## Assigned task
Images in the data are to be skipped, while every line is restated exactly as written.
Start of Material provided
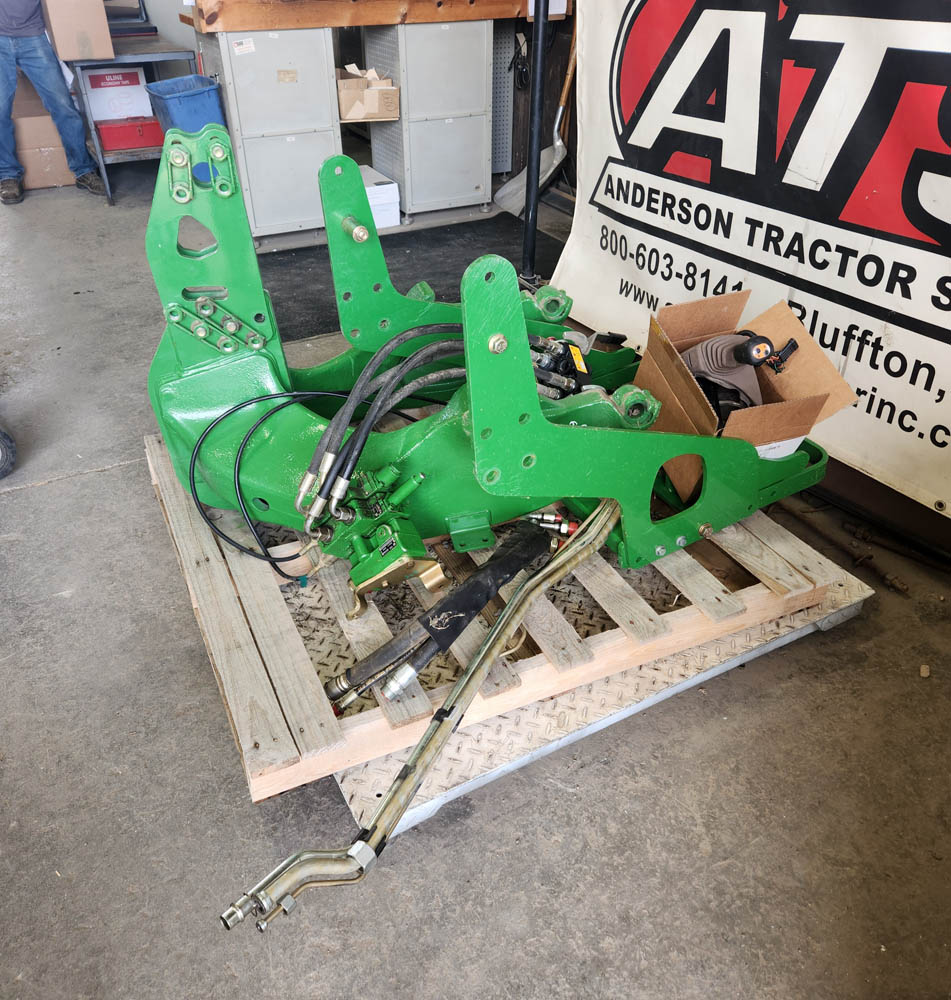 673 LOADER BRACKET KIT - Image 3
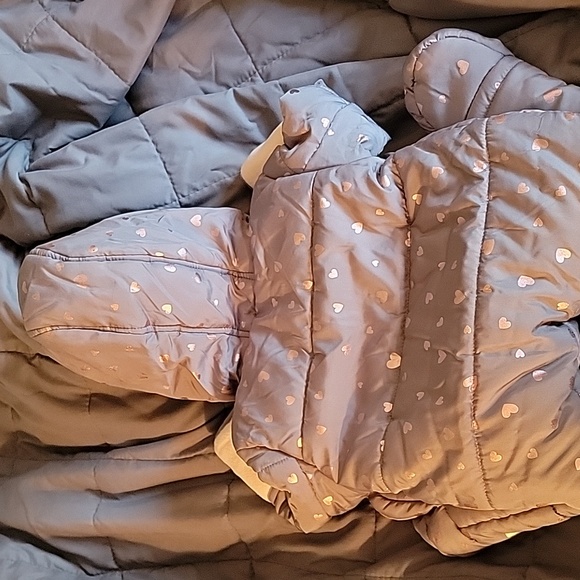 Kensie Girl Baby Snowsuit Grey with metallic Pink Hearts Size 3/6M NWOT - Picture 6 of 6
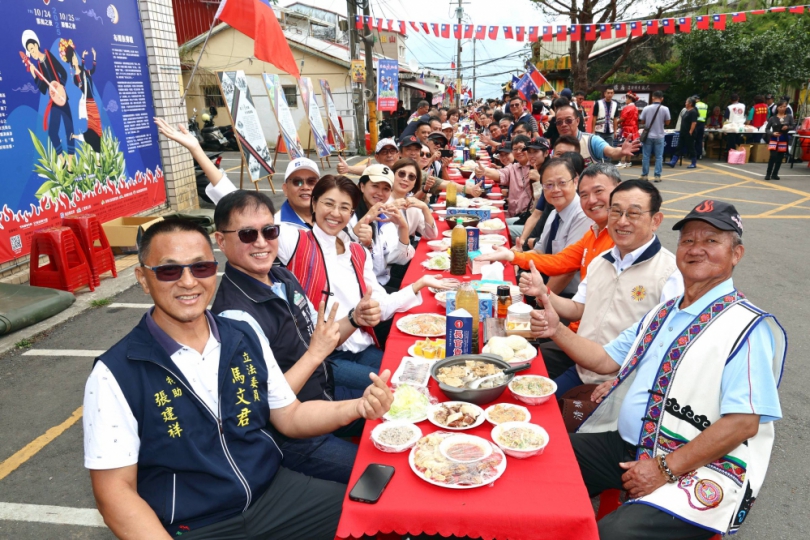 清境長街宴熱鬧開席 宣示「2025清境火把節」即將登場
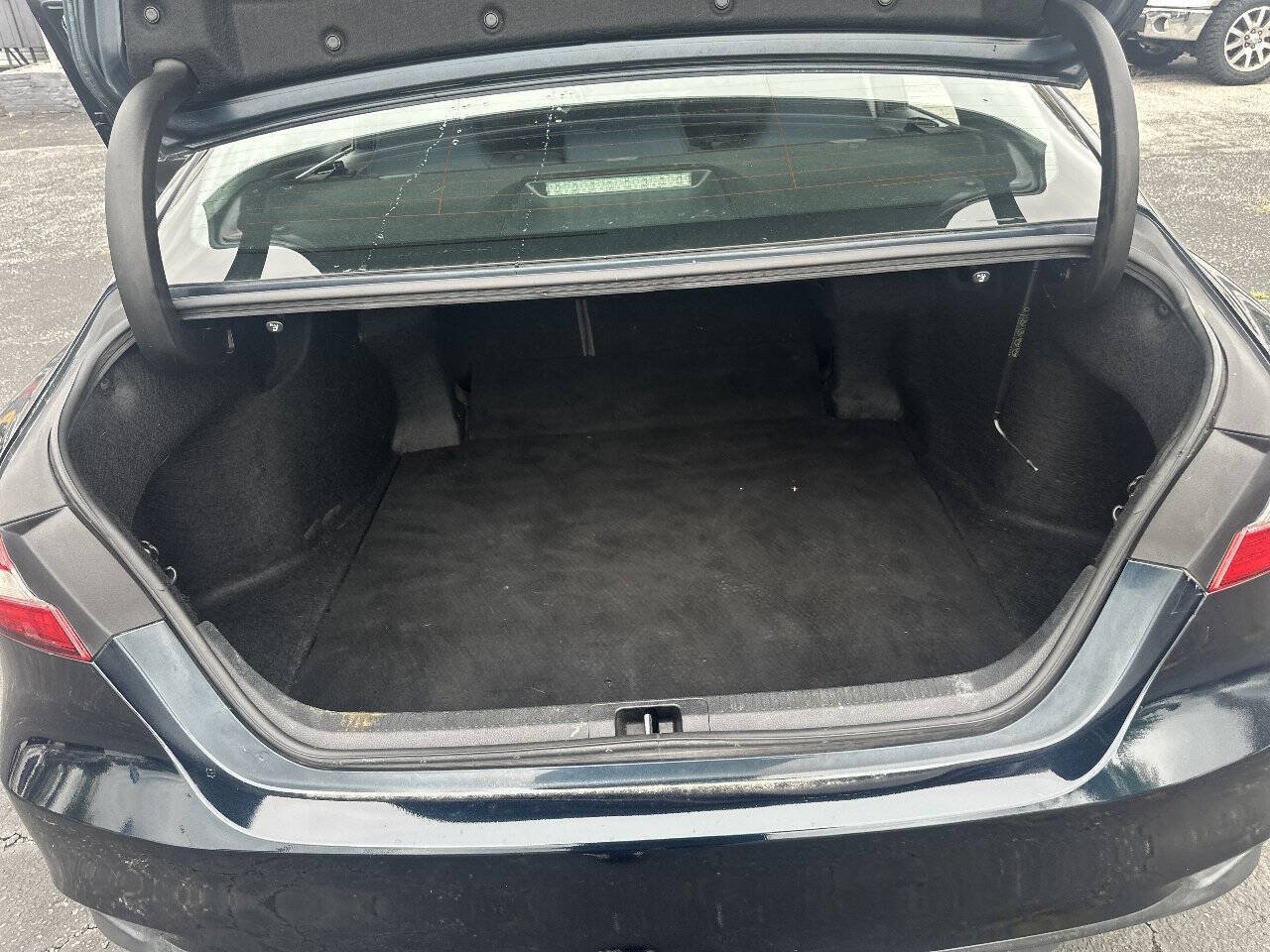 Used 2018 Toyota Camry LE FWD image 13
End of Material provided
## Your response
 673 LOADER BRACKET KIT - Image 3
 Kensie Girl Baby Snowsuit Grey with metallic Pink Hearts Size 3/6M NWOT - Picture 6 of 6
 清境長街宴熱鬧開席 宣示「2025清境火把節」即將登場
 Used 2018 Toyota Camry LE FWD image 13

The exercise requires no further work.